------ SUPPLIED MATERIAL ------
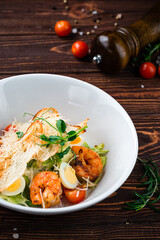 Canvas Print - Caesar salad with shrimps, parmesan cheese, eggs, lettuce, tomatoes and croutons, Italian lunch.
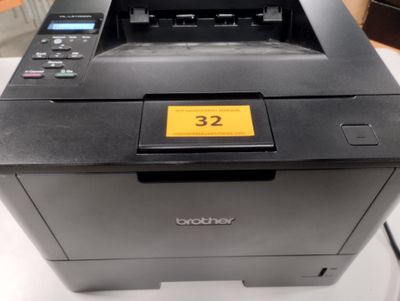 a printer that is sitting on top of a table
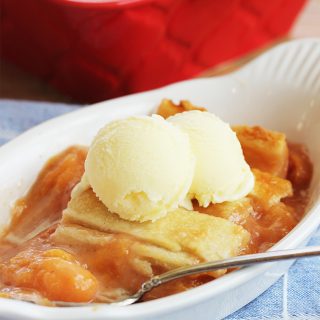 This Old-Fashioned Peach Cobbler Recipe is the BEST, with two layers of crust and a delicious fresh peach filling!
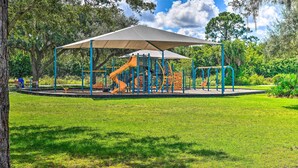A playground with a shaded play area, surrounded by grass and trees. - Renovated Rotonda West Oasis w/ Private Pool (Rotonda West)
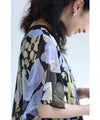 A sheer floral mid-length dress with pleats that flares out from the neck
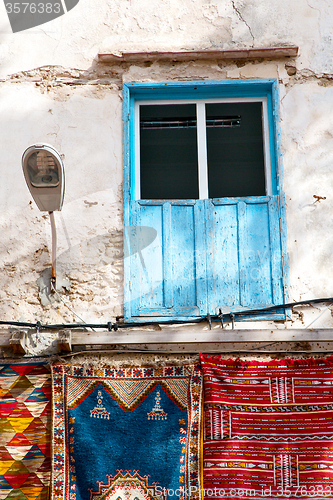 Image of blue window in   africa old  brown wall red carpet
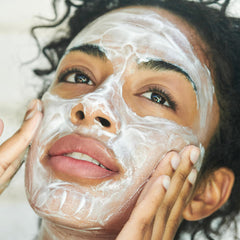 Clarins product held in hand to show scale and travel-friendly 6.7 oz size benefit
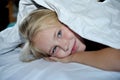 Smiling little girl in the bed under cover Royalty Free Stock Photo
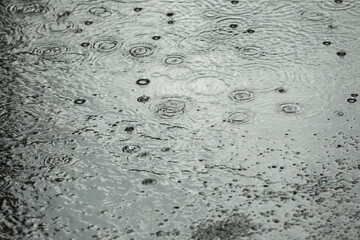 View of heavy pouring rain on city street
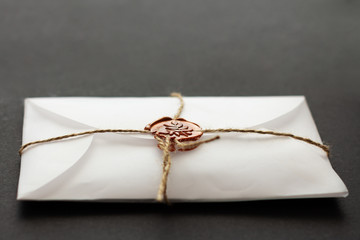 Notary public wax stamper. White envelope with brown wax seal, golden stamp. Responsive design...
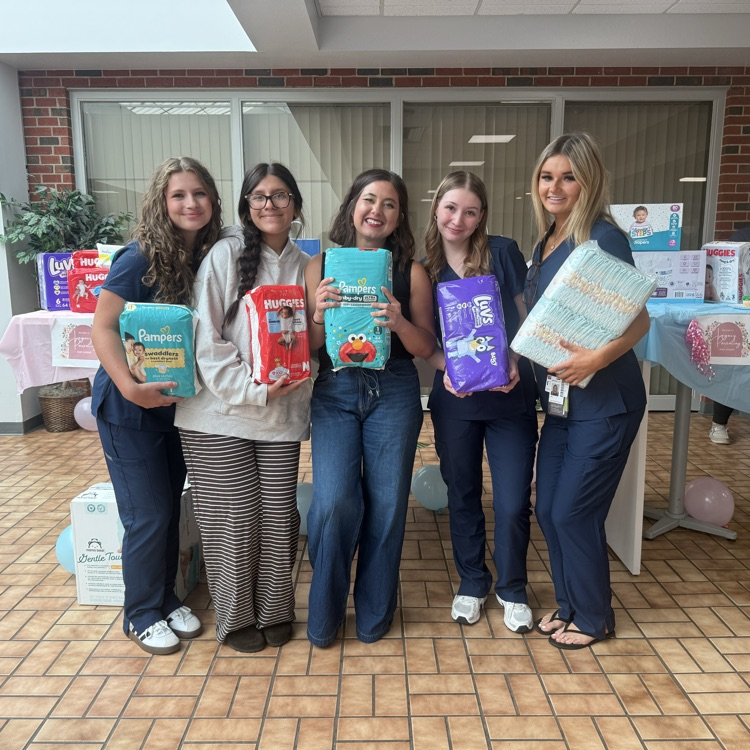 FCCLA and HOSA students pose with diapers collected for Legacy Parenting Center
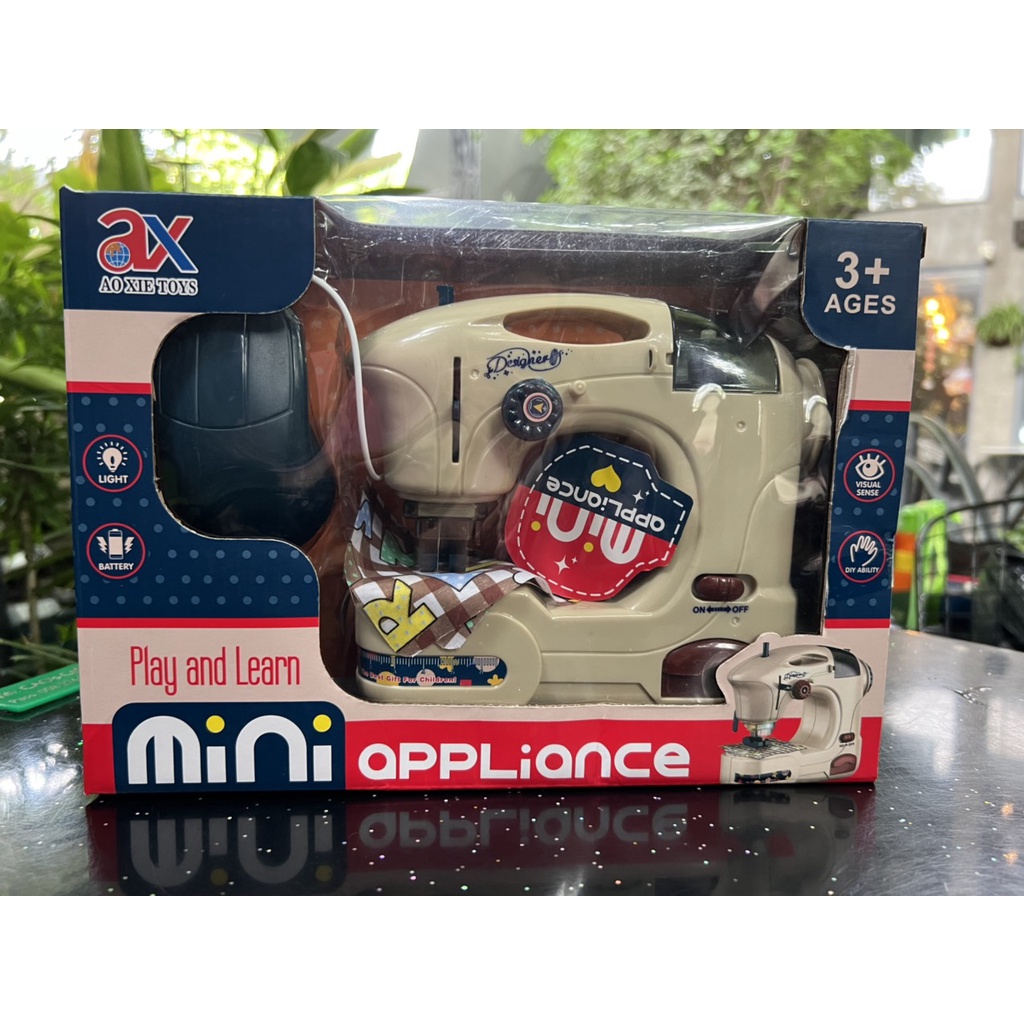 Máy may mini xài pin cho bé hàng đẹp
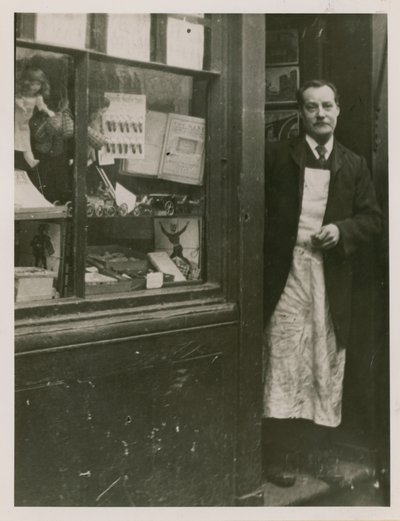 En butiksinnehavare som står i dörröppningen till sin butik av English Photographer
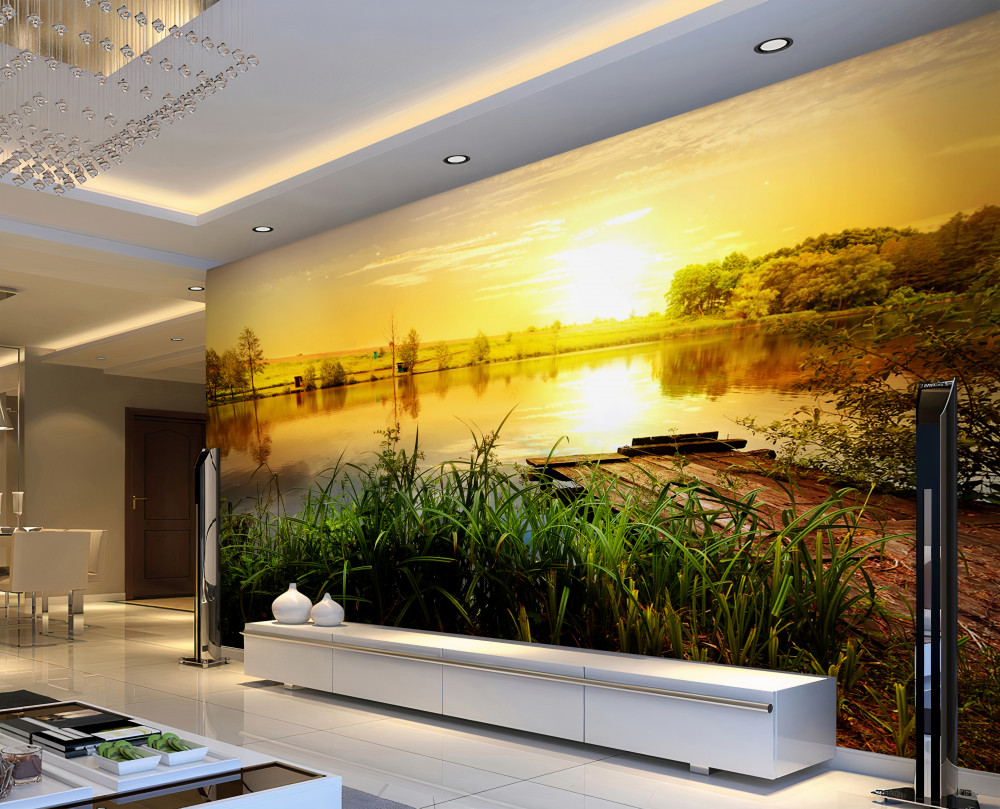 Fototapeta jasny wschód słońca nad spokojną wodą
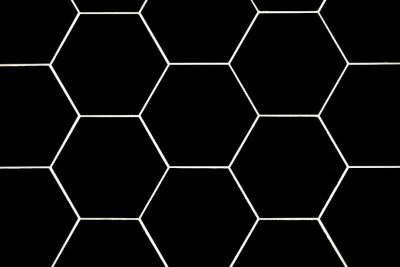 A seamless hexagon pattern, white outline on black background, simple and elegant design for a tile effect in the style of M.C., perfect for various applications where symmetrical geometric patterns can be used --ar 128:85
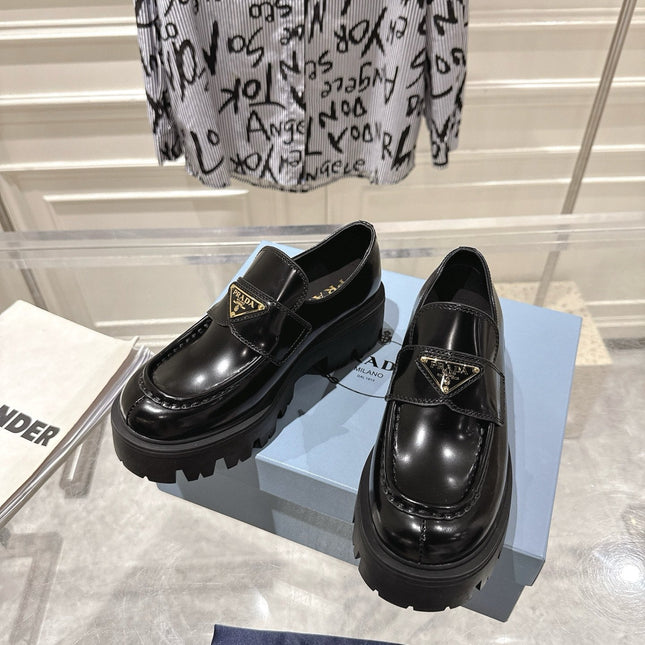 PRADA 26S PLATFORM LOAFERS 45MM IN BLACK SHINE CALFSKIN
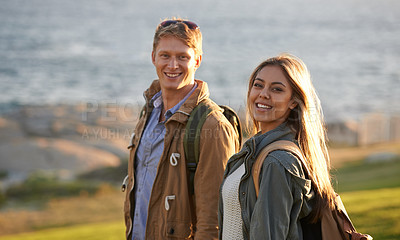 Buy stock photo Love, portrait and happy couple on hike with ocean, sunset for tropical holiday adventure, relax and bonding together. Smile, man and woman on romantic date with beach, nature and grass on vacation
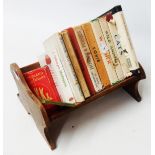 A small vintage oak sloping book rack containing Observer's titles, A Little Book of Rhymes New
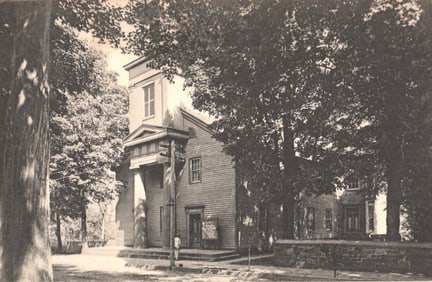 Postcard showing the Presbyterian Sunday School building on a tree-lined street in Hackettstown, NJ.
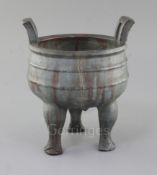 A Chinese Yixing pottery tripod censer, Ding, 18th century, decorated with a Jun type glaze, moulded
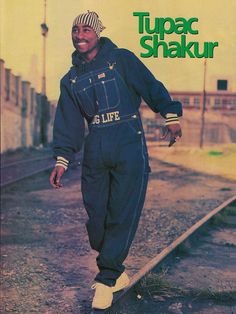 a man in blue jumpsuits standing on train tracks with his hands behind his back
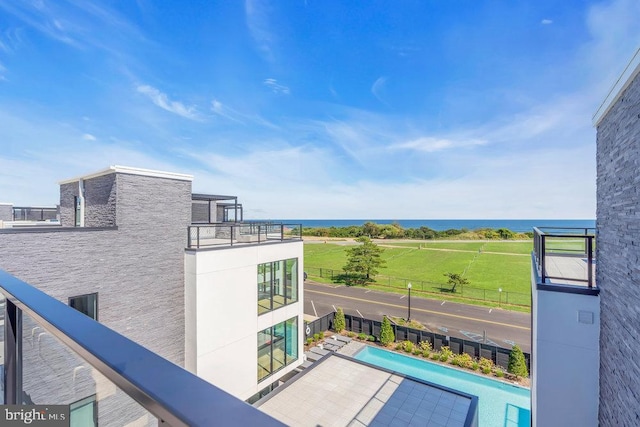 balcony featuring a water view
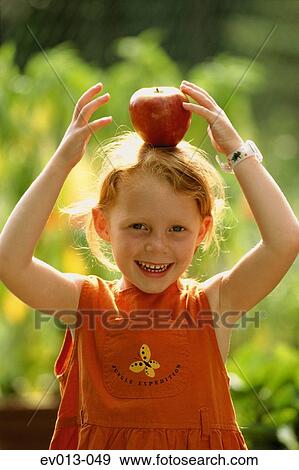 Stock Photo - Girl with apple. Fotosearch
------
:: ABOUT THIS TASK ::
Please, without any pictures, write out exactly the lines of the listing from its first line through the line that holds "Máy may mini xài pin cho bé hàng đẹp", ends included, and nothing beyond them.

:: YOUR SOLUTION ::
 Canvas Print - Caesar salad with shrimps, parmesan cheese, eggs, lettuce, tomatoes and croutons, Italian lunch.
 a printer that is sitting on top of a table
 This Old-Fashioned Peach Cobbler Recipe is the BEST, with two layers of crust and a delicious fresh peach filling!
A playground with a shaded play area, surrounded by grass and trees. - Renovated Rotonda West Oasis w/ Private Pool (Rotonda West)
 A sheer floral mid-length dress with pleats that flares out from the neck
 Image of blue window in   africa old  brown wall red carpet
 Clarins product held in hand to show scale and travel-friendly 6.7 oz size benefit
 Smiling little girl in the bed under cover Royalty Free Stock Photo
 View of heavy pouring rain on city street
 Notary public wax stamper. White envelope with brown wax seal, golden stamp. Responsive design...
 FCCLA and HOSA students pose with diapers collected for Legacy Parenting Center
 Máy may mini xài pin cho bé hàng đẹp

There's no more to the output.